In Controller-Based APs, you can set devices to 40mhz channels in the ARM profile by unchecking 80 mhz channels and make sure "allowed band for 40mhz" is for 5ghz only.  You can enable 20 mhz in Controller-Based by making "allowed band for 40mhz" to "none".

In Instant APs, you can enable 40 mhz channels by going to RF> Advanced and making sure that 80mhz channels is unchecked.  You can enable 20 mhz channels by making sure that "Wide Channel Bands" is also set to "none".

 

 

Well, that is all for now.  There are quite a few other things that can be checked to ensure you have good performance, but those are most of the big ones.  See you next time...

Comments
MVP

Excellent article Collin!

 

I just got one question regarding the spacing... and its on Hight density areas.. where is not possible to space that much the APS... what would you do in that kind of situation?

 

For example on an auditorium where putting the APS down of the floor is not possible guess you can put it on a cage down of the chairs.. but they wont be spacing 60 feets....hopefullly the crowd can do enought RF absortion?

 

Also what about in schools where you got 40 kids in one small classrooms...

i would need to put 1 AP every 3 classrooms to maybe acomplish the 60 feet rule... but  that would be like 120 kids in one AP

What would you recommend in this kind of situation....

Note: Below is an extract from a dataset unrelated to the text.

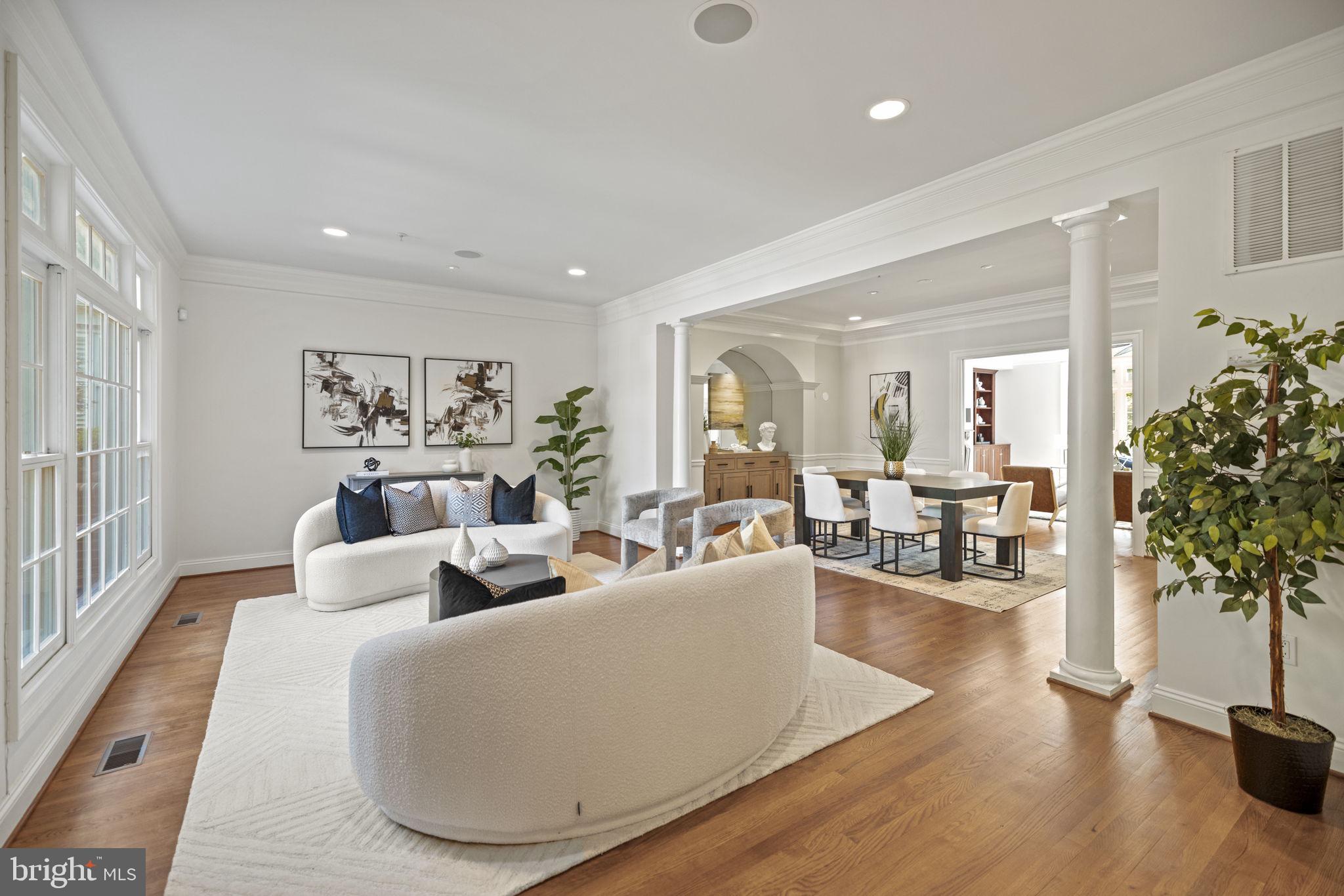 RIVER FALLS - Residential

We are managing some schools and they demand us to handle all students even if they are all connected... so  i must assume they are all connected.  In this deployment i was not able to do that... i was putting 1 AP every 2 classrooms... and im sure its less than 60 feet sadly....

But as  a good notice we have not hear any complain about that deployment, they actually recomend us and also aruba to another school as the owners knows each other...

 

But even if that was successfull  i would liek to deploy WLAN in the best best manner so i would like to hear what do you recommend in those situation, and how we should manage the 60 feet in situaitons like this or similars.

 

Thanks

Carlos

Guru Elite
The article mentions 60 feet for areas that are NOT high density. The high density VRD mentions how to deal with those scenarios.
MVP

 

Nice article Colin.

 

The only thing I am a little bit confused is about using the spectrum load balancing feature , based on my own experience and experiences shared here in the forum it seems that load balancing could sometimes bring more issues to the environment since some devices don't respond very well to the way load balancing works (based on the association response). 

 

Now that load balancing is part of the new ARM 3.0/ Client Match  I am wondering if it will work the same way as before.

 

 

Guru Elite

vfabian,

 

Load balancing in general is designed to even out the number of devices on an access point, or channel.  Spectrum load balancing is designed to provide evenness beyond numbers and extend it to the medium, as well.  Depending on your environment this can improve things.  In some  environments the impact is not as big.  One thing that is lacking is tools to specificially measure the impact of spectrum load balancing as well as how to tune it.  That tool should allow you to determine, based on measurements, whether spectrum load balancing is for your environment or not.

 

I do not have specific details on ARM 3.0 and Client match but it is being designed to take a closer look at client health as part of the metric in determining where a client should be.  Since this is a new approach, you can safely say that it will not "work the same way as before".  There will also be new ways to measure what ARM is doing to give you more insight as to what decisions are being made and determine if it is right for your environment and your clients.  No feature is a benefit in every situation.  "x feature does not work" should be rewritten to say "x feature is not appropriate for your environment", because every feature has a target configuratoin.  Client match should allow you to evaluate and determine if that is the case.

 

Most features that are in an Aruba controller assume a good physical and RF enviroment that could  use a little help with a little tuning.  It will not turn something that is very bad, into something that is good.

 

 

 

MVP

Thanks for the response

Frequent Contributor I

Incredible.

A must-read for all WLAN engineers!!!